I think the error is on this line when the readAll can't be invoked on the reader but it could also be any other UnsupportedOperation on the context here: https://github.com/kamon-io/Kamon/blob/master/core/kamon-core/src/main/scala/kamon/context/BinaryPropagation.scala#L170

void java.lang.Throwable.<init>(String) 142486 100 %
void java.lang.Exception.<init>(String) 142486 100 %
void java.lang.RuntimeException.<init>(String) 142486 100 %
void java.lang.UnsupportedOperationException.<init>(String) 142486 100 %
Try scala.util.Success.failed() 142486 100 %
Context kamon.context.BinaryPropagation$Default.read(BinaryPropagation$ByteStreamReader) 142485 100 %
Context kamon.context.BinaryPropagation$Default.read(Object) 142485 100 %
Context kamon.instrumentation.kafka.client.ContextSerializationHelper$.fromByteArray(byte[]) 142485 100 %
Context kamon.instrumentation.kafka.client.RecordProcessor$.$anonfun$process$2(Header) 142485 100 %
Object kamon.instrumentation.kafka.client.RecordProcessor$$$Lambda$1170.322308893.apply(Object) 142485 100 %
Option scala.Option.map(Function1) 142485 100 %
void kamon.instrumentation.kafka.client.RecordProcessor$.$anonfun$process$1(Instant, ConsumedRecordData$ConsumerInfo, ConsumerRecord) 142485 100 %
Object kamon.instrumentation.kafka.client.RecordProcessor$.$anonfun$process$1$adapted(Instant, ConsumedRecordData$ConsumerInfo, ConsumerRecord) 142485 100 %
Object kamon.instrumentation.kafka.client.RecordProcessor$$$Lambda$1169.1580561024.apply(Object) 142485 100 %

dr3s avatar Sep 09 '22 23:09 dr3s

Hey @dr3s,

I've been trying to reproduce this issue but no luck so far.

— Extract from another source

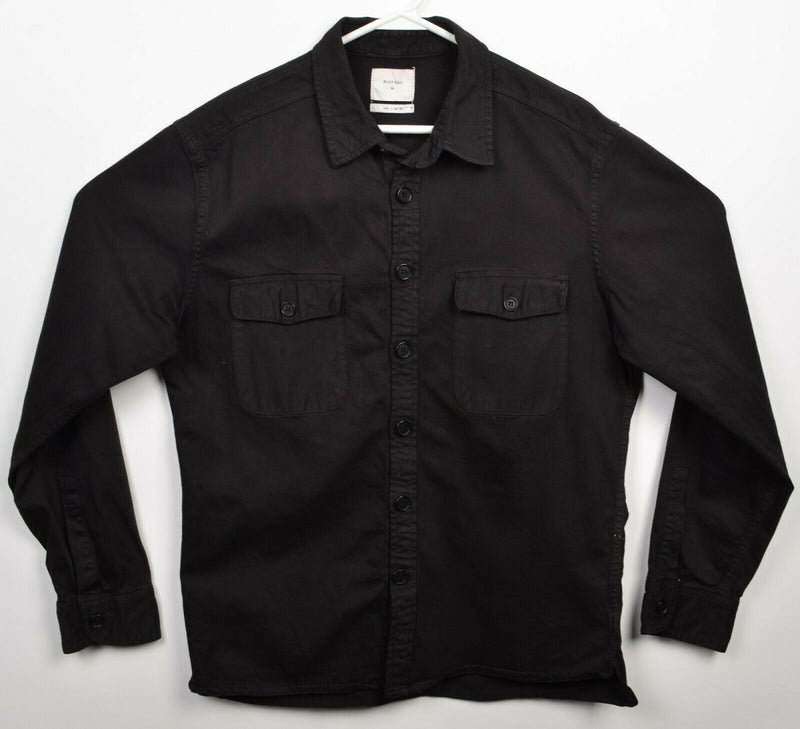 Billy Reid Men's Medium Solid Black Made in USA Cotton Blend Button-Front Shirt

I tried with corrupted headers, no headers, different settings, different Kafka versions and all of them worked out.

What additional info could you share to reproduce this issue? and, do you have access to the exception logged here from your logs? This that you have above seems like some sort of aggregate that might be missing some important info :thinking:

ivantopo avatar Sep 12 '22 11:09 ivantopo

This trace was from our profiler. For some reason I don't see the exceptions in the logs and we have the level set to INFO. To give you an idea of volume, I recorded about 1M exceptions per minute. I'll try to just debug locally and capture a trace.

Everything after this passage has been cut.